One of the big problems with data migration projects is that, to the outside sponsor, they appear very much like a black box.
You may be told that lots of activities and hustle are taking place, but there isn’t a great deal to show for it until the final make-or-break migration execution when the data finally moves across to the target environment.
The problem is made worse to an extent by the fact that, as data migration practitioners, we openly demand that data migration initiatives are delivered as a separate team, budget and working environment. This often cuts us off slightly from the main system implementation project.
Sponsors need to see tangible results, particularly on large-scale migrations that can take many months or even years. They need to report to their peers and seniors about the state of the migration and how it will (or won’t) be dovetailing into the target implementation.
So how can you show progress when you can’t physically migrate the data until the final go-live migration date?
One way is to change the actual strategy of your migration and opt for a more agile, iterative approach. Instead of migrating data across in one single 365-day drop, create multiple drops of, say, 90 days where you are moving tangible portions of data. This could be by region, data subject area, customer type – anything that is relevant to the migration. Another tactic I’ve used in the past is to just migrate the "backbone of the data," the primary and foreign keys, for example. The reason for this is that if you hit problems with these, then you find out much earlier in the lifecycle.
In past migrations I have migrated these limited datasets early to test target functionality and iron out any transformation or load issues.

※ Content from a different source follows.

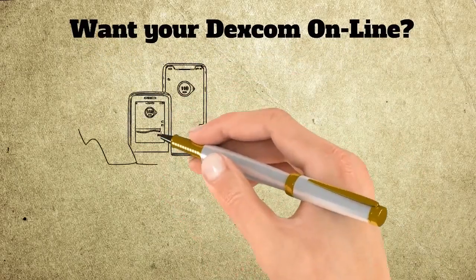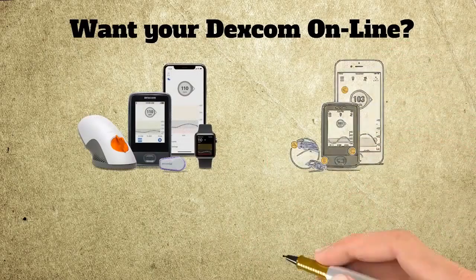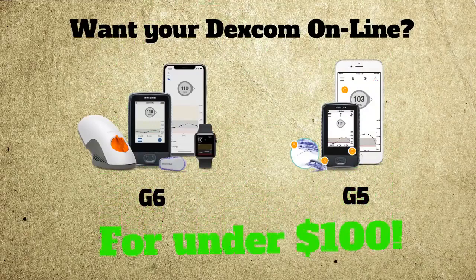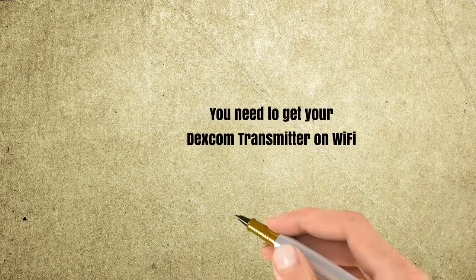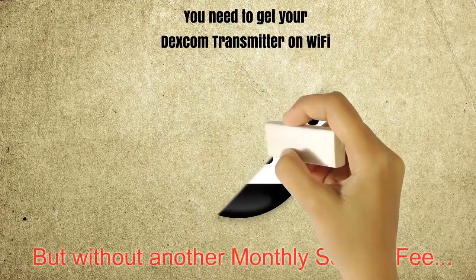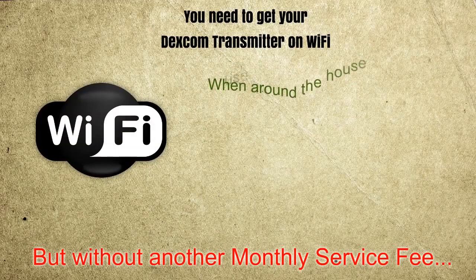Watch this video to get your Dexcom G6 or G5 online. This is great if you have a younger child and don't want to add another cell phone to your monthly plan. To do this, you need to get your transmitter on Wi-Fi to work with the Dexcom apps. You can do this by following this trick and avoid another monthly service fee on your cell phone plan.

Another way to show demonstrable results is through data quality improvement and, in particular, data visualisation of progress.
In one project we first discovered the data quality rules, measured the data for defects and then colour coded all the hotspots on a huge tile chart, which was split by different dimensions (e.g. data quality dimension, business unit, customer type, etc.). We had a large monitor in the migration "command center" and gave sponsors access via a dashboard, too. They were able to see the progress over time as each tile switched from red to green.
You can use the same process for completing mappings, subject areas or any set of activities that gradually get whittled away during the migration.
In short, you can never communicate too much progress on your migration, and your sponsors will be eternally grateful as their anxiety levels come down. What’s more, you’ll create a more structured and successful project.